[j-nsp] SRX, UDP traffic, routing asymmetry

Pavel Lunin plunin at senetsy.ru
Thu Dec 6 07:16:34 EST 2012


03.12.2012 07:48, Dale Shaw wrote:
> Does the SRX do something "special" with asymmetric UDP flows? When I
> say UDP I mean UDP generically, because I'm aware of special cases
> like "set security flow allow-dns-reply". I have an ever-growing
> suspicion that we are throwing packets on the floor in certain
> circumstances.
SRX always performs a reverse wind route lookup (to the source IP
address) when processing the first packet of the session and installs
the next-hop to the session table. Subsequent reverse packets fall under
the session context and are forwarded using this next-hop without route
lookups.

But when the reverse wind lookup is performed, SRX checks that the
outgoing interface is in the same security zone as the interface through
which the first packet came from. If zones do not match, traffic is
dropped.
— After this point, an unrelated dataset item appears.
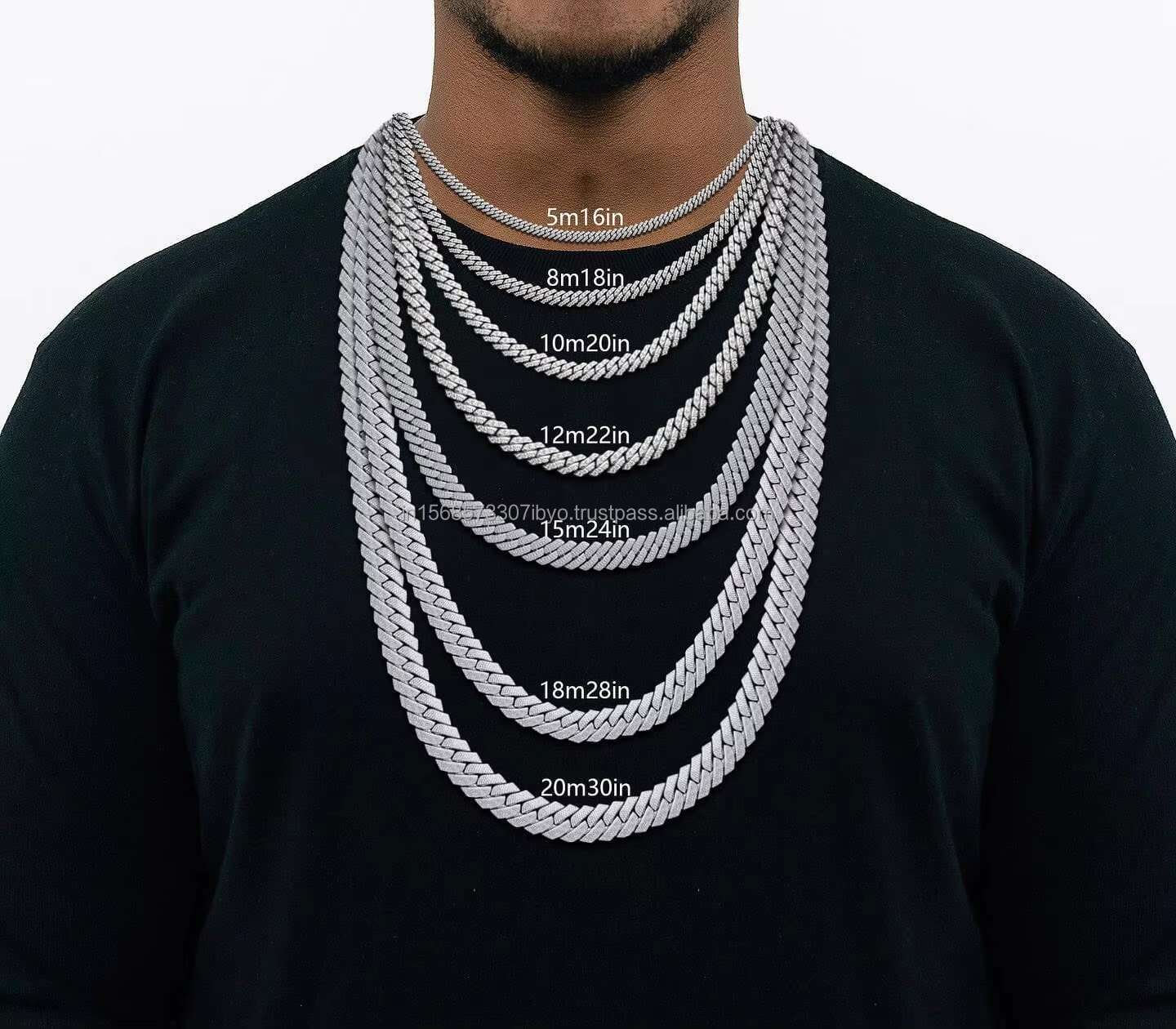 Exclusive Round Shaped Hip Hop Cuban Chain in Sterling Silver with Moissanite Diamonds Iced Out Chunky Jewelry Miami Cuban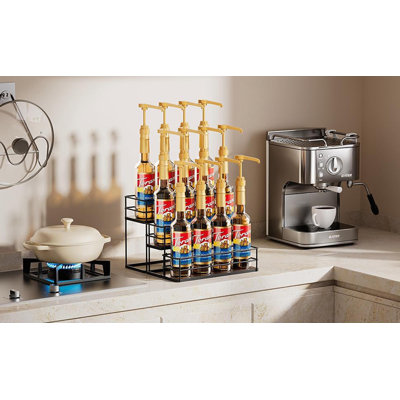3 Tier Coffee Syrup Organizer Rack Holds 12 Bottles, Metal And Wood Countertop Stand For Condiments Oil Vinegar And Bar Storage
So in practice there is no problem with asymmetric flows
through a single device but you must place the both interfaces into a
single zone (a reasonable security constrain, I would say).
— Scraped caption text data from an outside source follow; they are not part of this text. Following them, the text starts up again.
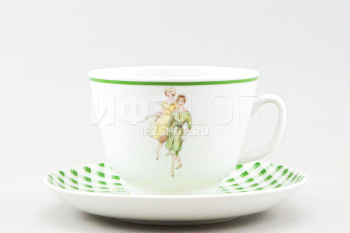 Чашка с блюдцем чайная ф. Подарочная рис. Оттепель (зеленый)
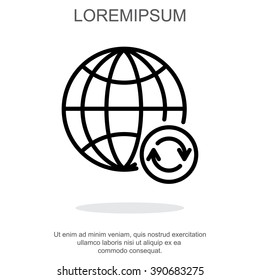 Web line icon. Reloading internet, update online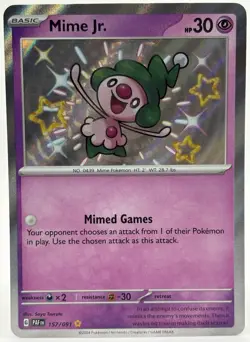 Mime Jr. #157/091 Shiny Holo Rare Paldean Fates NM/M Pokemon TCG Card - NM - Image 1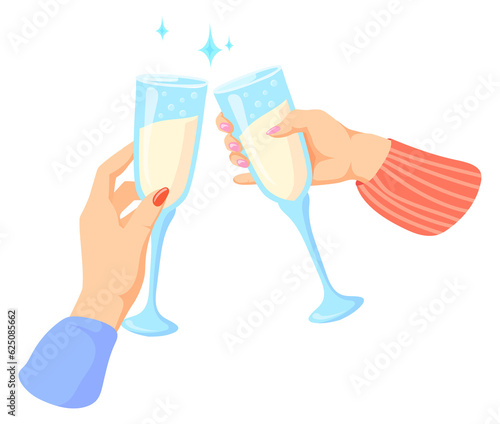 Cheers with sparkling wine. Party celebration. Cartoon hands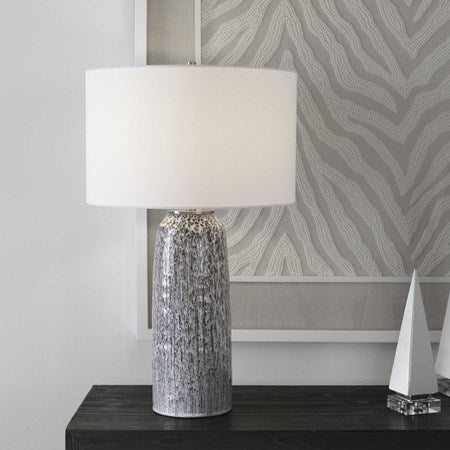 Uttermost Static Black and White Glazed Ceramic Table Lamp With Linen Shade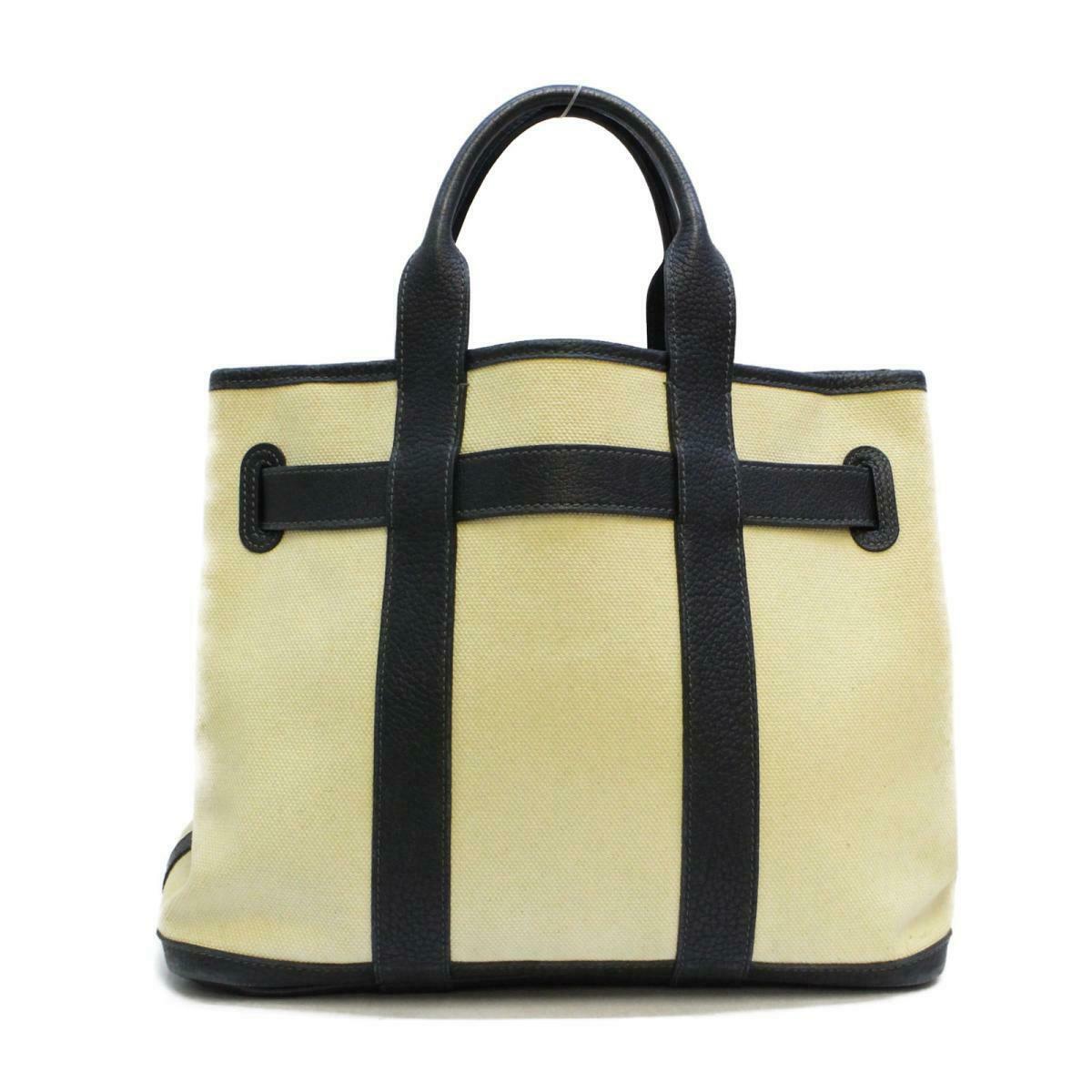 HERMES Petite Sunture PM Tote Hand Bag Canvas Leather Ivory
Last time I cared SRX did not support "artificial symmetrization", based
on using the cached next-hop, though which the packet came from.

I would say the right approach is to readjust the OSPF link costs
assigned to st0.x interfaces to make forward and reverse flows follow
the same tunnel. If, for whatever reason, you really need to forward
traffic so that forward and reverse flows follow different
links/routers, you need to influence the outer header routing, e. g.
playing with the underlying IGP/BGP/TE/ISP manager/etc.